Procuram-se os ‘culpados’

O imbróglio que a Câmara se meteu ao autorizar pagamentos salariais indevidos durante tantos anos certamente deve ter seus responsáveis. Além dos próprios vereadores, já que foram eles que aprovaram as leis autorizando os descontos e depois receberam salários integrais, recai maior responsabilidade nos presidentes que comandaram a Câmara na última década. Eles liberaram os pagamentos sem os respectivos descontos das faltas.

Mas o episódio também deixa claro a necessidade do Legislativo renovar o quadro de comissionados, principalmente os ocupantes dos cargos com salários maiores.

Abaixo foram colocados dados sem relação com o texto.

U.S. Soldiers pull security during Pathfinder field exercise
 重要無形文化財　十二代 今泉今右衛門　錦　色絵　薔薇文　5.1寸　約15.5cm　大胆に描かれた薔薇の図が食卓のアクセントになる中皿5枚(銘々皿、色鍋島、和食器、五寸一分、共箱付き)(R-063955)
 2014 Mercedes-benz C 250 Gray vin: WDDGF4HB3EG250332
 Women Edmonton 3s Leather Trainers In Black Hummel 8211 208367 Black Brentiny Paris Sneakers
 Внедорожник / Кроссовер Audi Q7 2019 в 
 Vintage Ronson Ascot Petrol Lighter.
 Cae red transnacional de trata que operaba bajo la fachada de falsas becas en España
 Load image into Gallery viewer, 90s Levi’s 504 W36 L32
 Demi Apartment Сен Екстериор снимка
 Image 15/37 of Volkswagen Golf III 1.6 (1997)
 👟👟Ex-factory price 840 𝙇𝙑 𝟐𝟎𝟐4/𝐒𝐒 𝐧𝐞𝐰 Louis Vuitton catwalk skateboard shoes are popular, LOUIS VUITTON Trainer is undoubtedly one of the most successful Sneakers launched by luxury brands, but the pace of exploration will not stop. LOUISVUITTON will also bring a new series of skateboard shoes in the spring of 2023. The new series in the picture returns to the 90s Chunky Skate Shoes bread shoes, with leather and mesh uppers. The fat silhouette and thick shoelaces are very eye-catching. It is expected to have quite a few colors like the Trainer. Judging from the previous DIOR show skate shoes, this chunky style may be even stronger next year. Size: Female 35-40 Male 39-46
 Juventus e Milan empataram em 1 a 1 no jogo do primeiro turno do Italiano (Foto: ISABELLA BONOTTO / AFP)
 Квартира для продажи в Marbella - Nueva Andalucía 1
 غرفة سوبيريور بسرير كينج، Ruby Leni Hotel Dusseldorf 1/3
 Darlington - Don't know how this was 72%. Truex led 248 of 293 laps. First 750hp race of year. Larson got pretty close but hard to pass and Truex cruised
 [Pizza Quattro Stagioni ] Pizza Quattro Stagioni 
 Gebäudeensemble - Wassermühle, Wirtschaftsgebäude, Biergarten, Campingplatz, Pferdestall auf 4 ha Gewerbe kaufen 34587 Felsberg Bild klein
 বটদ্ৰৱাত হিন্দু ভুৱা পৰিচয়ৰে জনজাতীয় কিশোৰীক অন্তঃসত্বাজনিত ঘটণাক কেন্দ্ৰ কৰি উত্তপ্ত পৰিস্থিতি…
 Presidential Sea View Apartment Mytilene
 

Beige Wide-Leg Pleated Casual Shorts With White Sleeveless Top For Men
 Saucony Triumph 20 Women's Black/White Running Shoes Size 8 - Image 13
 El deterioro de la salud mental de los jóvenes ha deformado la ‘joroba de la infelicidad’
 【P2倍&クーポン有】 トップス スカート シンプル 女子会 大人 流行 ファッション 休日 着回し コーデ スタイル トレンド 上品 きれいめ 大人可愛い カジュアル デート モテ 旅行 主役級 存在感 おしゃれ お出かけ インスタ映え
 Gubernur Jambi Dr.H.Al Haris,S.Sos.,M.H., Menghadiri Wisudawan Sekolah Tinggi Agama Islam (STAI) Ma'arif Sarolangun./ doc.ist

É o caso do assessor José Eduardo Catalano — que está na Câmara desde 1992, sem concurso público, e recebe mais de R$ 15 mil mensais — e de Rosely Rissato, a diretora-geral que é seguidamente nomeada desde 1988 e tem salários em torno de R$ 12 mil.

Tanto Catalano quanto Rosely defenderam a maioria dos vereadores e opinaram oficialmente contra qualquer desconto pelas ausências em sessões. No entanto, sempre foi de competência do assessor parlamentar a devida orientação aos vereadores e o assessoramento ao presidente sobre os pagamentos. O cargo de procurador concursado só foi criado em 2012.

No caso de Rosely Rissato, compete a ela, conforme consta na lei que criou a função de diretora-geral, controlar os dados necessários à elaboração das folhas de pagamentos de servidores e vereadores, supervisionando sua execução, além de supervisionar todos os pagamentos de salários. Rosely, aliás, assinava os cheques junto com o presidente quando era esta a forma de quitação salarial, sem nunca ter alertado sobre a irregularidade. A diretora ignorou vários questionamentos feitos pelo procurador sobre o assunto.

Na verdade, pelo longo período ocupando cargos comissionados, Catalano e Rosely criaram vínculos fortes dentro da Câmara, o que atrapalha o desempenho profissional. Neste caso, vale muito mais a proteção a um vereador amigo do que propriamente uma opinião técnica. O atual presidente, Paulo Pinhata, não tem coragem de demiti-los porque é pressionado por vários vereadores. E ele sabe que a exoneração reduziria drasticamente as despesas apenas com os dois funcionários, hoje em torno de R$ 400 mil por ano. É que uma lei recentemente aprovada reduz os salários básicos pela metade, no caso de vacância no cargo, e retira benefícios ilegais que estão sendo incorporados há anos aos comissionados.

Enfim, ao contrário do que acontece na administração, os cargos comissionados na Câmara não são renovados com a troca de direção e servem para manter pessoas ligadas a determinados vereadores. Elas se transformaram, na verdade, em “donos dos cargos” e não dão chance a outros profissionais de Santa Cruz.